Well, the four years are up. Back in the day, I thought to myself that John McCain would be a Republican president that I could live with, and maybe, to some extent, he still is. I definitely can’t live with her, however. No matter how silly Tina Fey’s dead-on portrayal on SNL is, what alarms me about her is that she’s opened the way up for every religious right nutjob and neoconservative policy wonk to declare McCain/Palin as “their” candidates.

I’ve had enough of the neocons. They’re after my job, you see, and I’d like them to go away.

The other thing that really has turned me off is the way that the Republicans have exploited the blatant xenophobia that’s been cultivated under eight years of Bush. All it takes is whispers in the hallway that Obama is Muslim to turn voters off of him.

So what? Muslims gave us algebra, the numbers we use, the ability to navigate across oceans. Muslim doctors provided Europe with medical textbooks that were still used in the 19th century. And they accepted the heliocentric view of the solar system long before the Europeans, and no one lost their head over it.

And, no, I haven’t forgotten 9/11. I just seem to be able to remember that 1,999,999,950 Muslims were NOT involved with the 9/11 plot as opposed to the 50 or so who were. One of those numbers is larger than the other. Kids, can you tell which one?
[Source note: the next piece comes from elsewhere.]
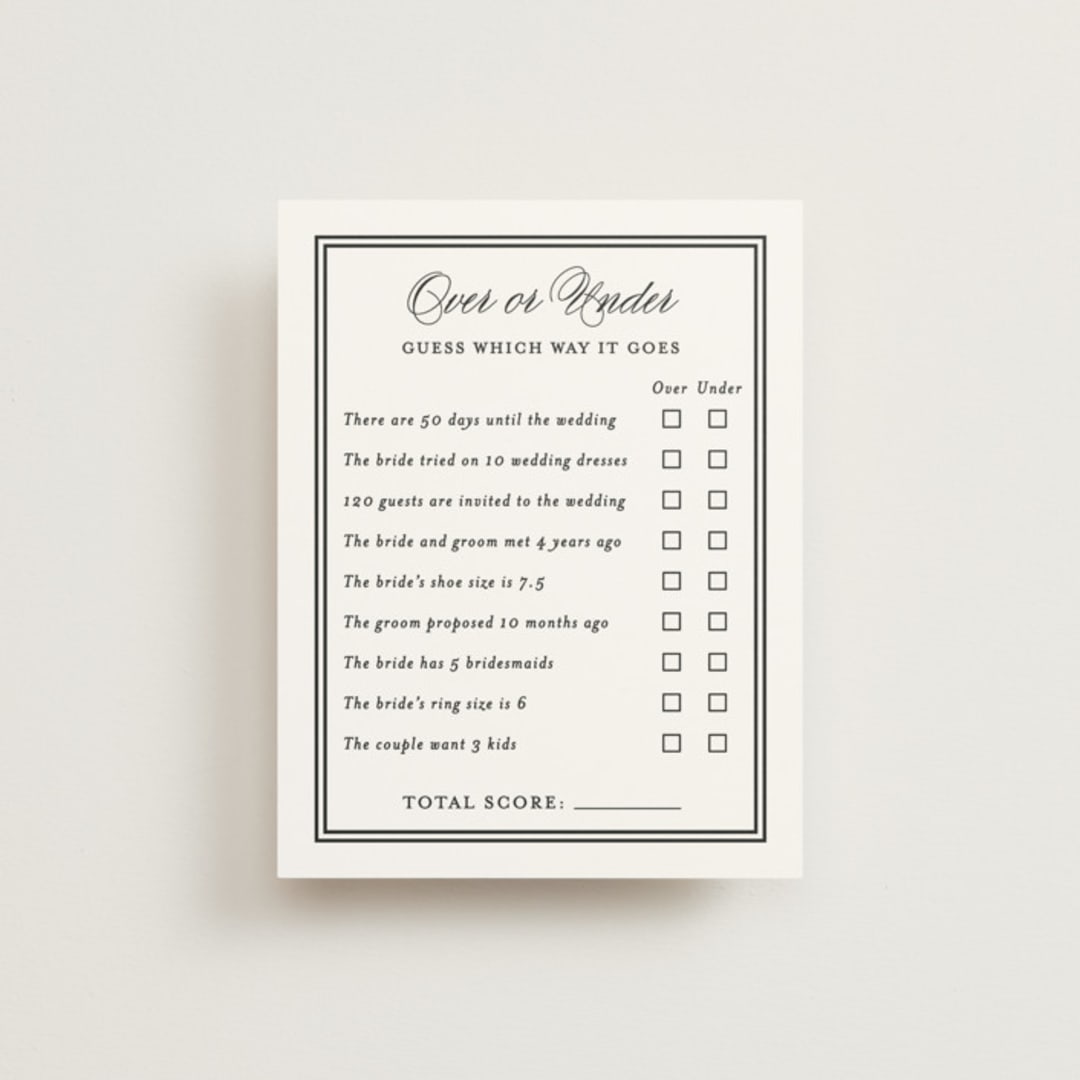 "Timeless Together" - Bridal Shower Insert Cards in Tuxedo by Carolyn MacLaren - Front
Oh, and let’s don’t even get started on the bit where politically Muslims and Evangelical Christians vote in a block on every major issue. Muslims are pro-life, in favor of the definition of marriage as between a man and a woman, pro-faith based initiatives, and would vote in favor of school prayer as long as provisions were made for non-Christian children to pray on their own. Heck, if the Dems were smart, they would have encouraged people to think Obama was Muslim and encouraged Evangelicals to think that this meant he was their candidate.

The other thing that I find ironic, by the way, is that the whispers about Obama being Muslim are completely incompatible with the other whispers in the hallway that his Christian preacher is a black supremacist — you can’t have it both ways, folks!

I was a bit stunned this morning when I read that there have been legal challenges filed against Obama’s eligibility to run based on rumors that he wasn’t born in the US.

Allow me to go on record: I don’t think Obama is perfect. Far from it. He’s a bit young. He’s a bit inexperienced. But if we’ve learned anything from the Bush administration, it’s that the president’s experience doesn’t matter if he surrounds himself with people that know what they’re doing, and Obama has definitely done that.

What does McCain have? Karl Rove and a woman who thinks dinosaurs ran around with cave men.

It’ll all be over soon. But I’m on pins and needles. C’mon, America. Prove we’re better than that. For once. Please.